In the config file `configs_clean/inference.yml` set the path to your input data folder `inference_path: path_to/my_data_folder`.
Then run:

python inference.py --config=configs_clean/inference.yml

Done! :tada: \
Your results are saved as `.sdf` files in the directory specified
in the config file under ``output_directory: 'data/results/output'`` and as tensors at ``runs/flexible_self_docking/predictions_RDKitFalse.pt``!

# Inference for multiple ligands in the same .sdf file and a single receptor

python multiligand_infernce.py -o path/to/output_directory -r path/to/receptor.pdb -l path/to/ligands.sdf

This runs EquiBind on every ligand in ligands.sdf against the protein in receptor.pdb.
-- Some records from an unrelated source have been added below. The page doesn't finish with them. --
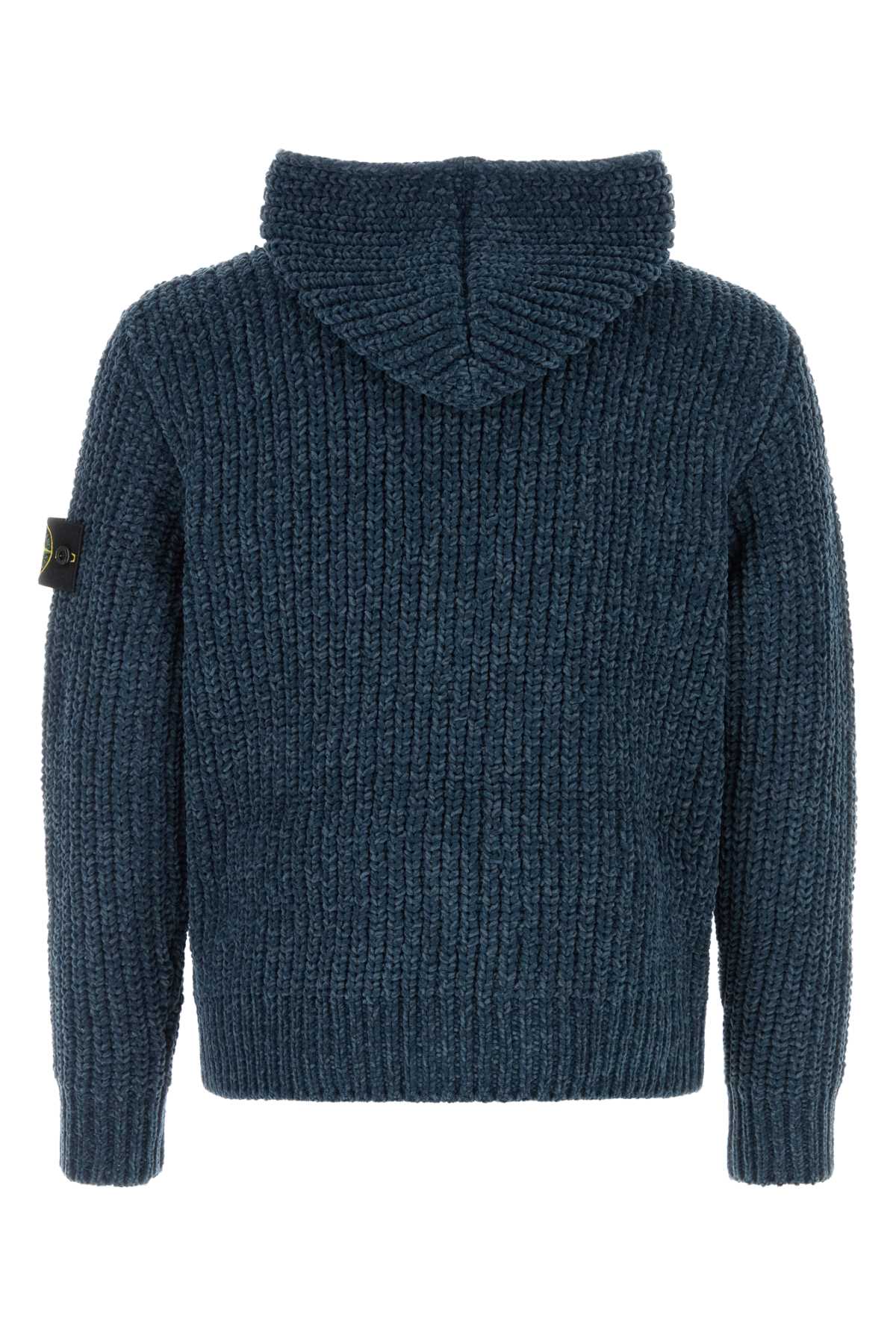Stone Island Men Blue Cotton Cardigan STONE ISLAND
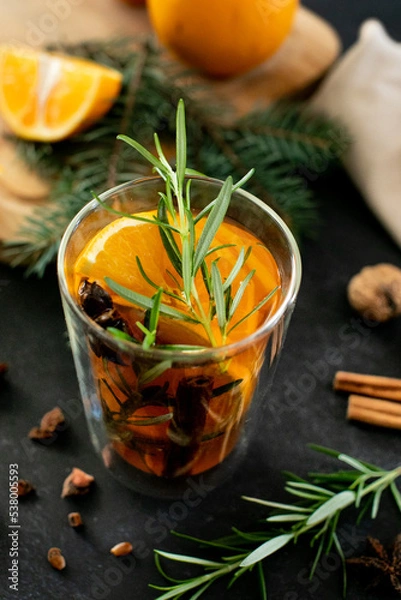 Fototapeta Zimowa herbata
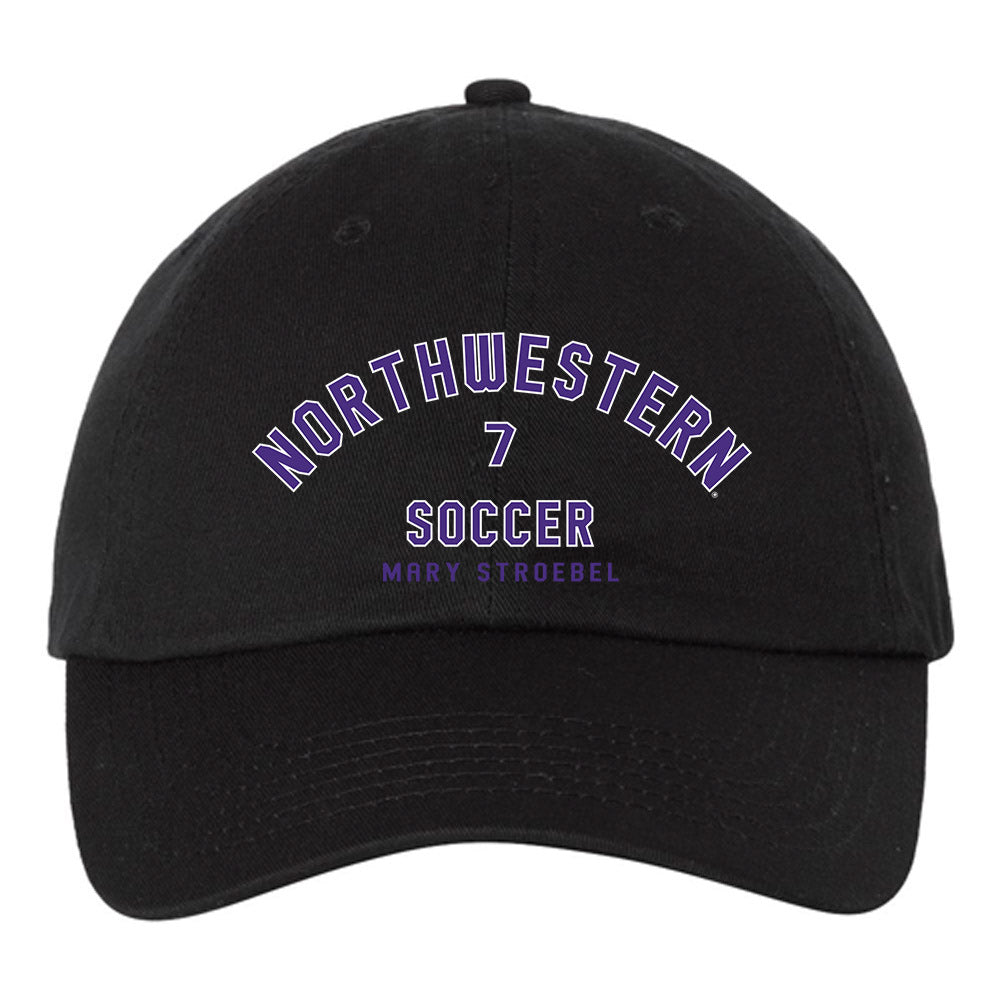 Northwestern - NCAA Women's Soccer : Mary Stroebel - Dad Hat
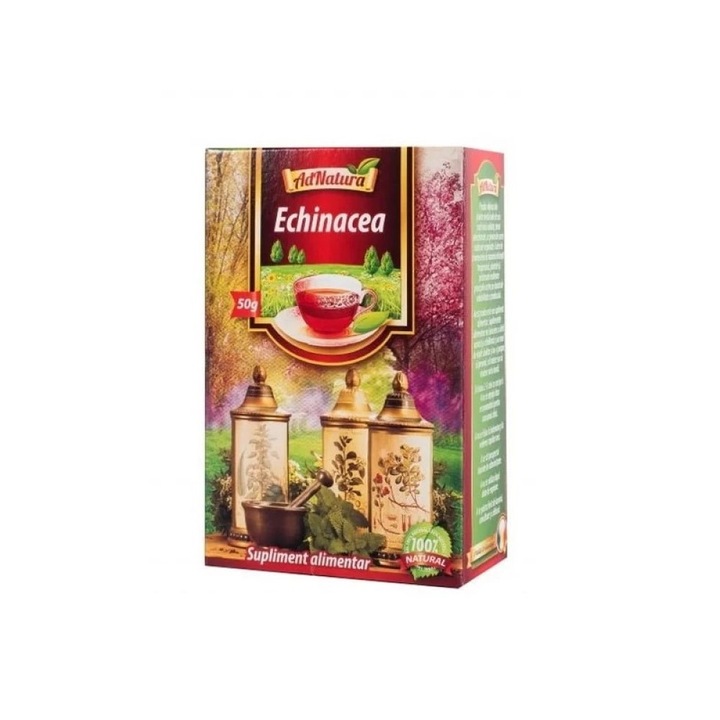 Ceai de Echinacea, 50 grame, AdNatura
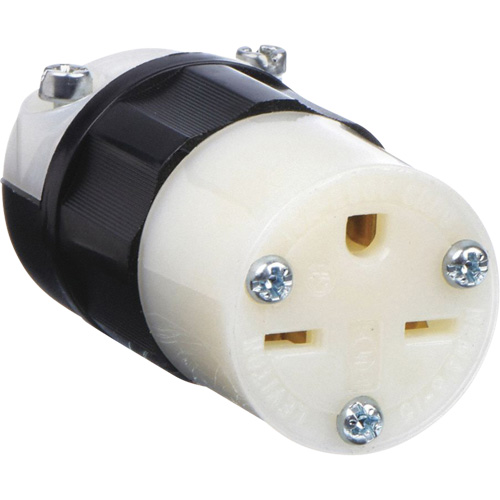 Grounding Straight Blade Connector, 6-15R, Nylon WestPier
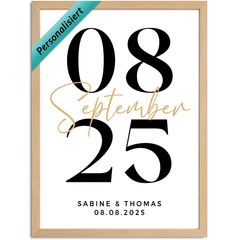 Poster Hochzeit personalisiert Datum Namen anpassbar Bildgeschenk Paar Couple Wandbild SpecialMe®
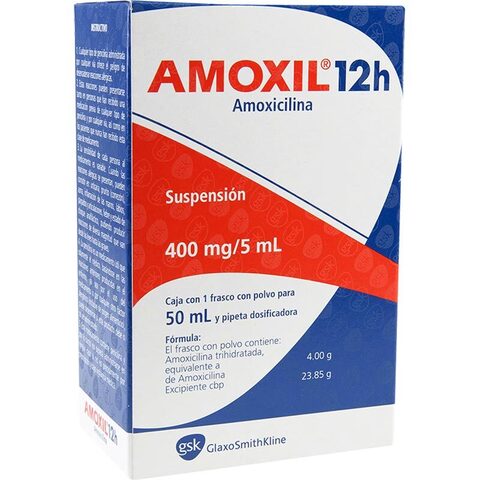 Amoxil 12horas 400mg/5 50 Ml Suspensión Frasco Dosificador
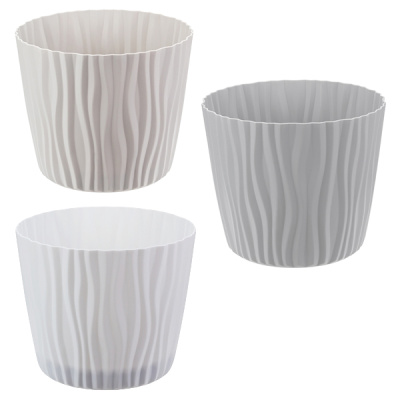 Кашпо ВОЛНА D250мм 8л с вкладышем (то)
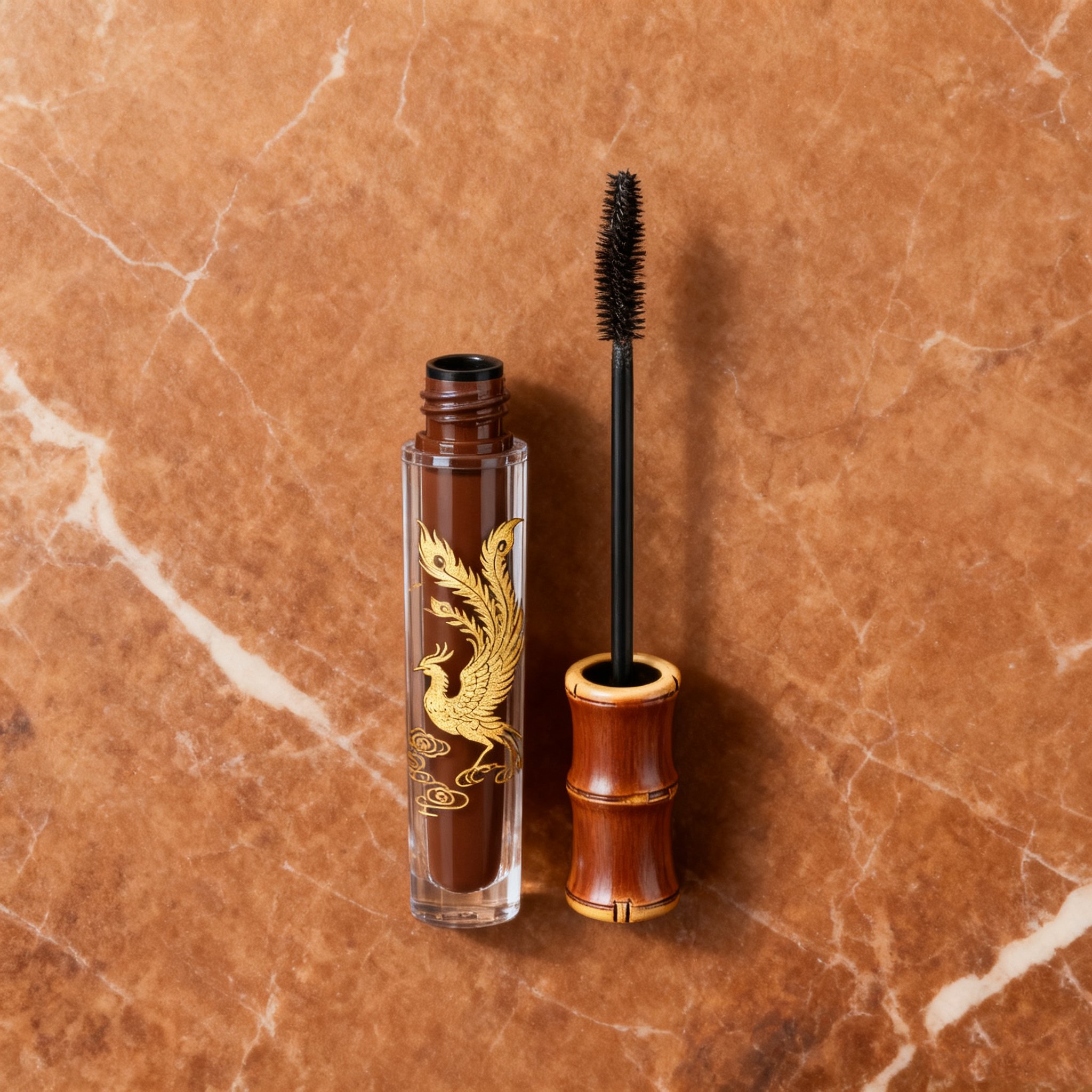 มาสคาร่าขนาดเล็ก 5 กรัม 2 ชิ้น สำหรับขนตายาว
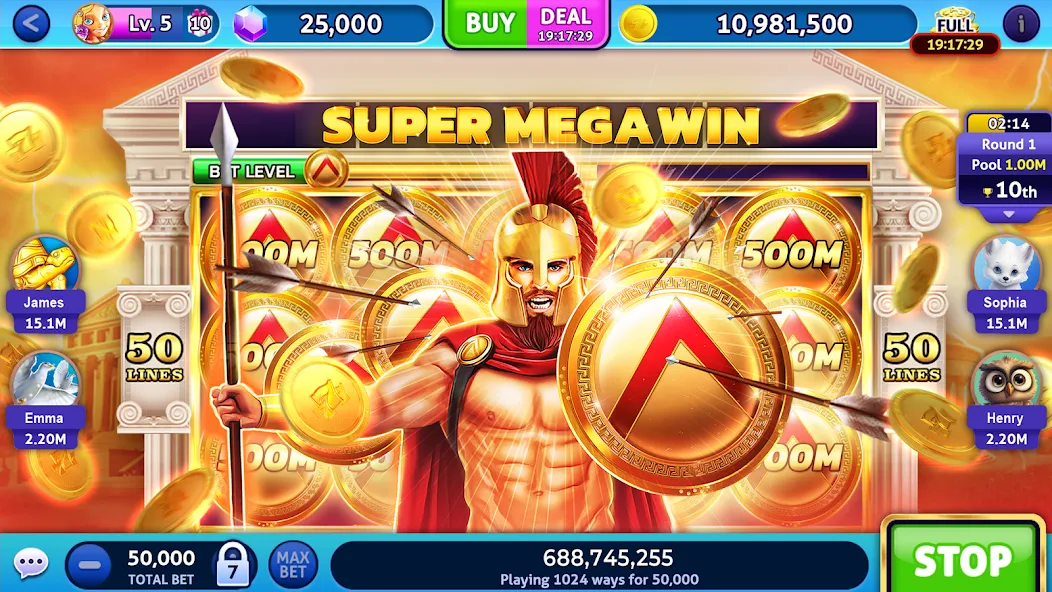 Скачать Jackpot Madness Slots Casino мод — Безлимитные монеты и джекпоты — скриншот 2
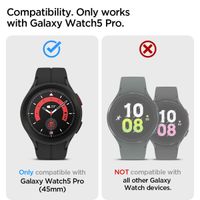 Spigen EZ FIT Glas.tR Displayschutzfolie mit Applikator für die Samsung Galaxy Watch 5 Pro - 45 mm - Transparent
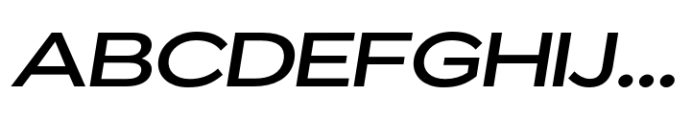 ZT Glora Pro Medium Expanded Italic Font UPPERCASE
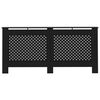 vidaXL Radiator Cover Black 67.7"x7.5"x32.1" MDF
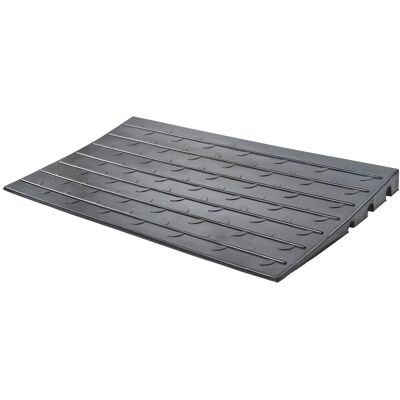 Silver Spring 2.5" Maximum Riser, Solid Rubber 3 Channel Threshold Ramp Silver Spring 2.5" Maximum Riser, Solid Rubber 3 Channel Threshold Ramp
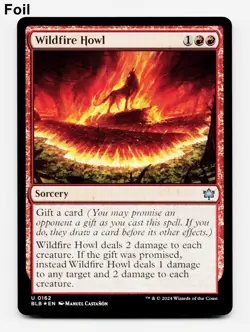 Wildfire Howl - FOIL - MTG Bloomburrow 🔥 - Image 5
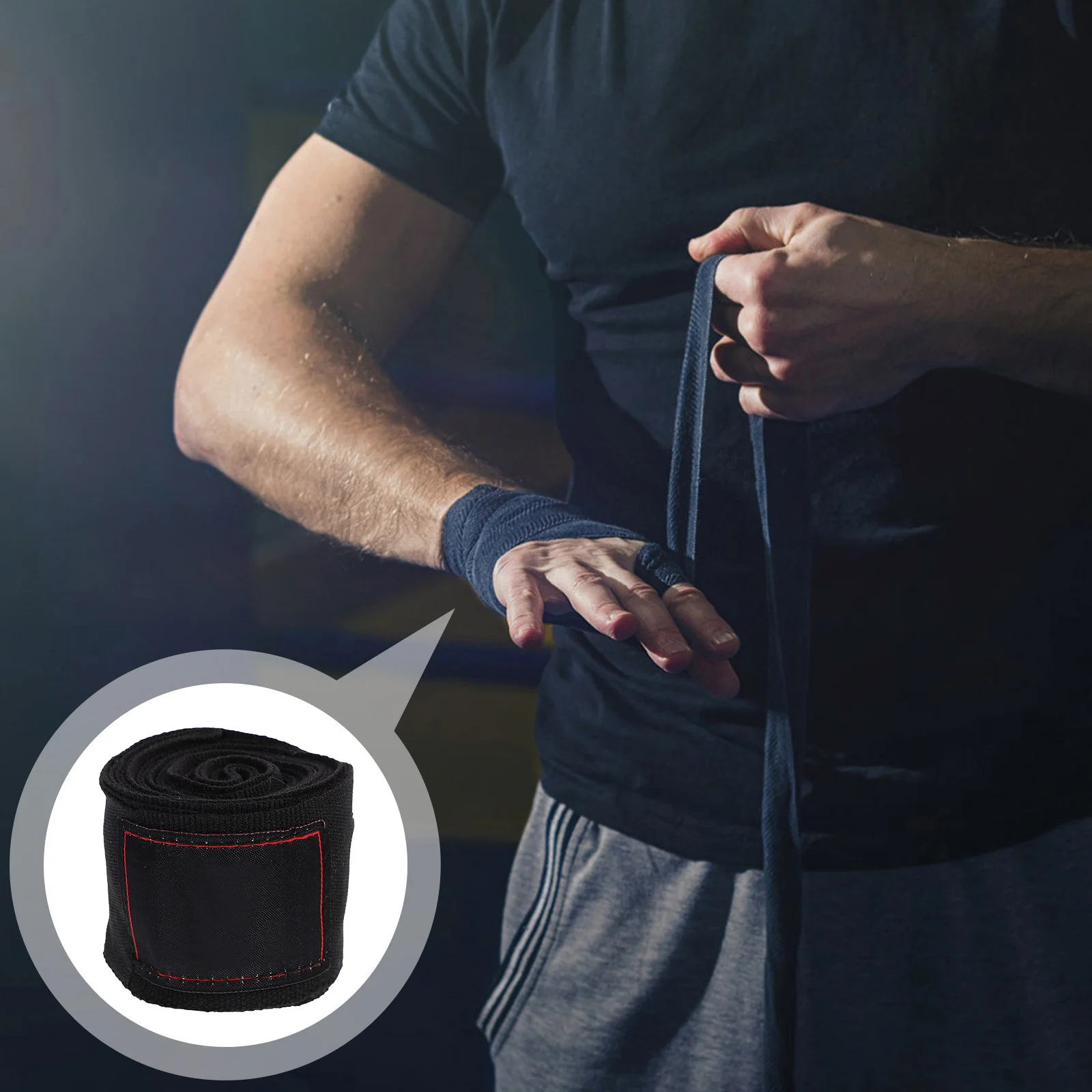 

2 Rolls Professional Hand Wrap Bandage Breathable Lightweight Boxing Hand Strap for Sports Wrist Support Accessory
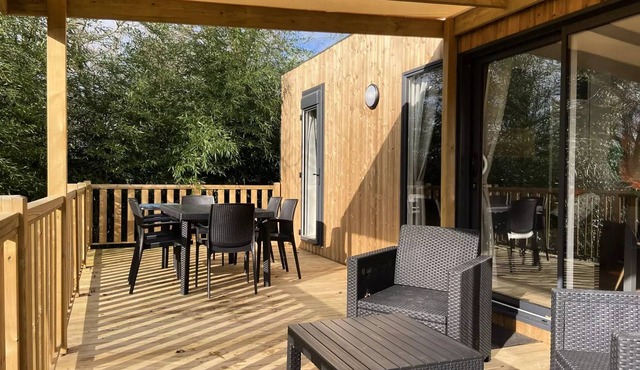 Camping Sunêlia Lanniron Orangery * - Sunêlia Luxury Twin 10 persons - 5 rooms 10 persons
The outputs are 3 files in output_directory with the following names and contents:

failed.txt - contains the index (in the file ligands.sdf) and name of every molecule for which inference failed in a way that was caught and handled.\
success.txt - contains the index (in the file ligands.sdf) and name of every molecule for which inference succeeded.\
output.sdf - contains the conformers produced by EquiBind in .sdf format.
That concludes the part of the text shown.